» **What is being asked**
When you reach the line below that has "Buy Beehive Auburn", start returning lines exactly, and stop after the line that has "Calvin Klein Women's Two Button Blazer"; skip the pictures.

» **Supplied information**
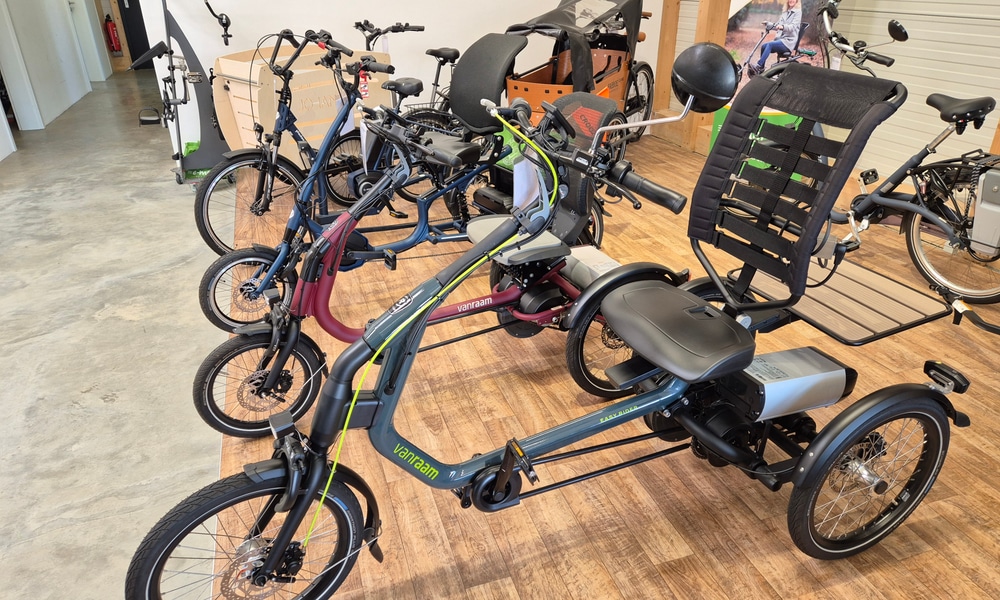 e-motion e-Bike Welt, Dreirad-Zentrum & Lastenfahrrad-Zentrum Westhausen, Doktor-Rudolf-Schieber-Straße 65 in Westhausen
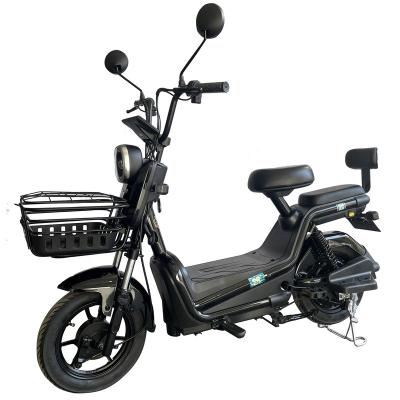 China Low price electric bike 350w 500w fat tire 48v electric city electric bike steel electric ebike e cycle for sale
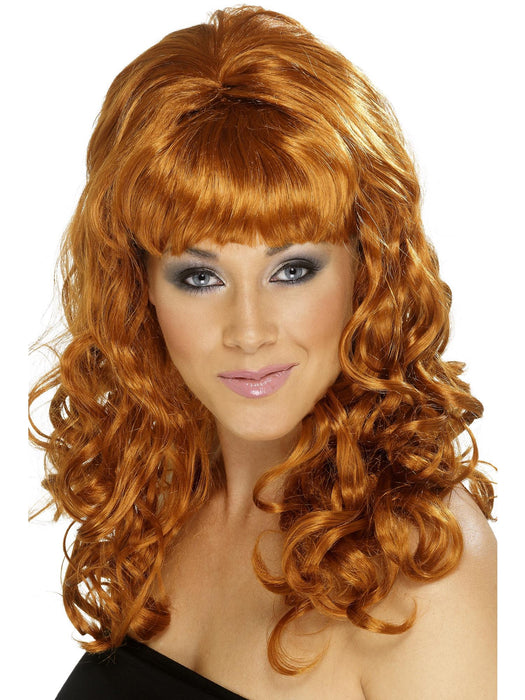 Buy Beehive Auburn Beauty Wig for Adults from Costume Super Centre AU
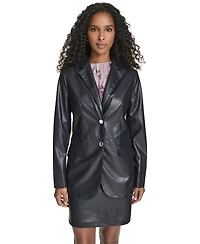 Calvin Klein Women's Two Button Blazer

* * *

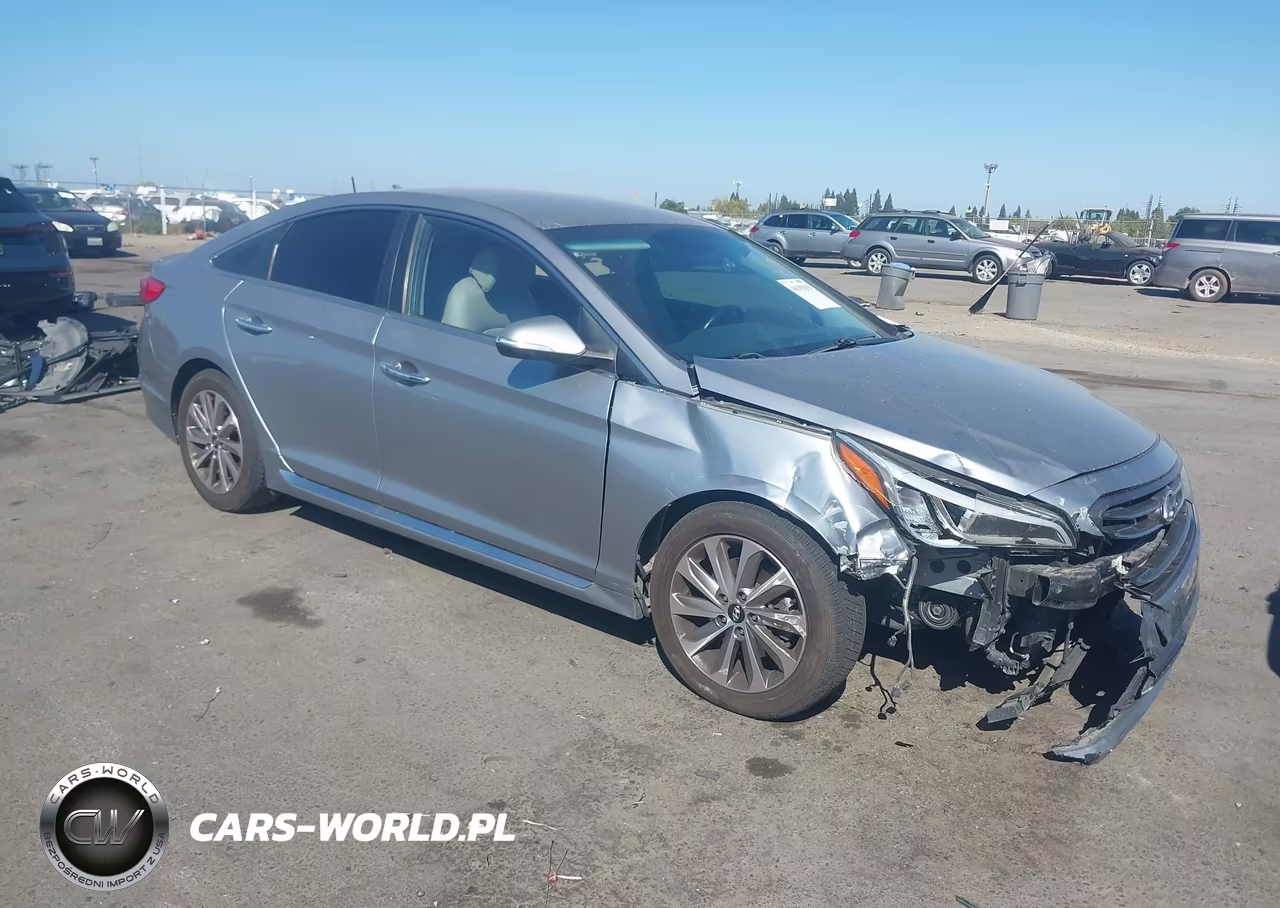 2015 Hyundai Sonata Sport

» **Task response**
 Buy Beehive Auburn Beauty Wig for Adults from Costume Super Centre AU
 Calvin Klein Women's Two Button Blazer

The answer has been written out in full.